Que dire de plus? Une fois de plus, c’est très bien écrit, très bien traduit, facile à lire, avec beaucoup d’humour. Les pages se tournent sans qu’on s’en aperçoive vraiment. Les descriptions sont magnifiques, c’est simple, en lisant ce livre, vous êtes en Inde. Le dépaysement est total, le changement d’ambiance aussi.
Et, encore une fois, les personnages secondaires, - notamment le sergent Sat Banerjee, et Melle. Annie Grant (le «Love interest» de Sam), sont bien mieux développés et décrits, - tant physiquement que psychologiquement -, que dans les épisodes précédents.

Qu’est-ce que je n’ai pas aimé dans ce livre? Outre parfois quelques longueurs inutiles, disons que les «ficelles» utilisés par l’auteur sont très «grosses», et très très classiques pour un polar! La fin p. ex. est très classique, et on la voit arriver à des kilomètres. Le reste du livre, avec ses multiples rebondissements, et quelques retournements de situation auxquels on ne s'attendait absolument pas, - notamment celui à la toute fin du livre -, (non n’insistez pas, je ne vous le raconterais pas... Il est dans le livre, vous savez ce qu’il vous reste à faire…), compensent largement ces petites lacunes!

Qu’est-ce que j’ai aimé dans ce livre? L’Inde de l’époque, vue à travers les yeux du héros, est vraiment une découverte extraordinaire! Les fumeries d’opium, p. ex. sont décrites ici de façon absolument étonnante, tout y est, les endroits sordides, l’arrogance de ceux qui les gèrent, les jeunes femmes qui y travaillent, la misère psychologique et physique de ceux qui les fréquentent, etc etc…

Et, - comme dans les deux épisodes précédents -, c’est aussi une critique acerbe et sans concessions de la colonisation britannique de l’époque. On «sent» vraiment la haine croissante des indigènes envers les colons, surtout dans ce volume qui parle de la résistance passive et pacifique envers l’autorité colonisatrice et du combat mis en place par le «Mahatma» GANDHI (1869 – 1948).
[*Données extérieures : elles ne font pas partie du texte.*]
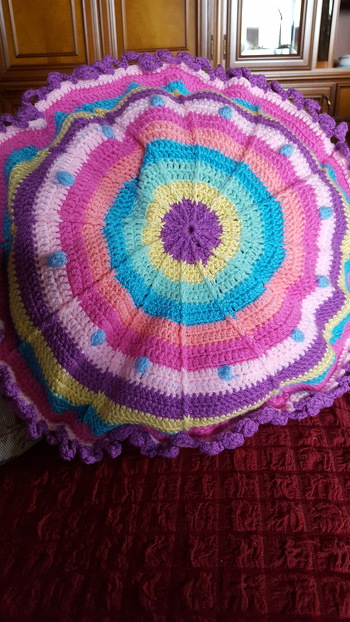 Hallo, hier kommt mein nachgearbeitete Häkelkissen. Sieht doch ganz hübsch aus oder? LG Karin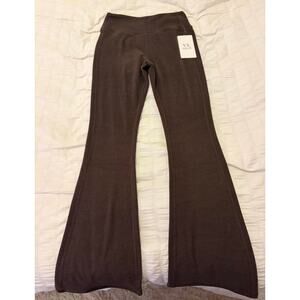 Brown flare leggings
Brand new size S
Pour finir, est-ce que je conseille la lecture de ce livre? Oui! La série ne s’essouffle absolument pas avec les volumes qui passent, je dirais même le contraire, celui-ci étant même pour moi supérieur aux deux précédents, notamment lors du récit de la fin de l’histoire. C’est toujours aussi passionnant, captivant, documenté, restitué, et sous couvert d’une simple enquête policière on (re-)découvre l’histoire, la vie et les mœurs de l’Inde dans les années 1920…
Ne passez surtout pas à côté d’Abir MUKHERJEE (*1974), la dernière pépite en date que l’empire colonial britannique a semé sur son chemin.

(1). : Cf. ici : https://critiqueslibres.com/i.php/vcrit/70943 et ici : https://critiqueslibres.com/i.php/vcrit/70993 sur CL.
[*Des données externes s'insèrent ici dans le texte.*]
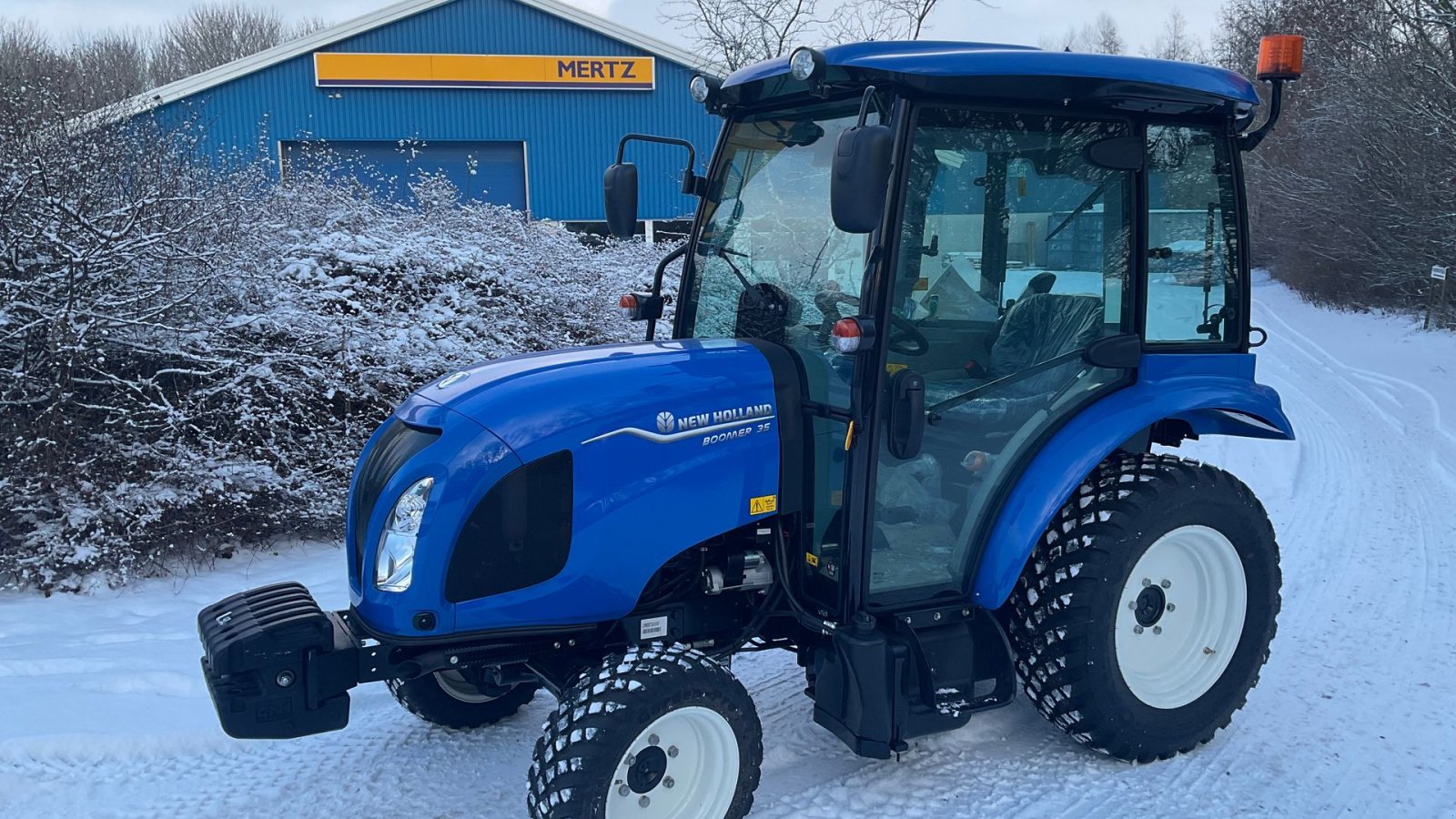 Geräteträger typu New Holland BOOMER 35 CAB ST5, Gebrauchtmaschine v Maribo (Obrázek 1)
P. S. : Si chaque volume de la série Capitaine Sam Wyndham peut être lu indépendamment des autres, je conseille toutefois de lire les volumes dans l’ordre de leur parution, afin de mieux appréhender l’histoire dans sa globalité. P. ex. dans ce volume on ne peut pas comprendre l’addiction du héros à l’Opium, son amitié avec son Sat, son subordonné, ou bien ses relations très particulières avec Melle. Annie Grant si on n’a pas lu auparavant les volumes précédents de cette série.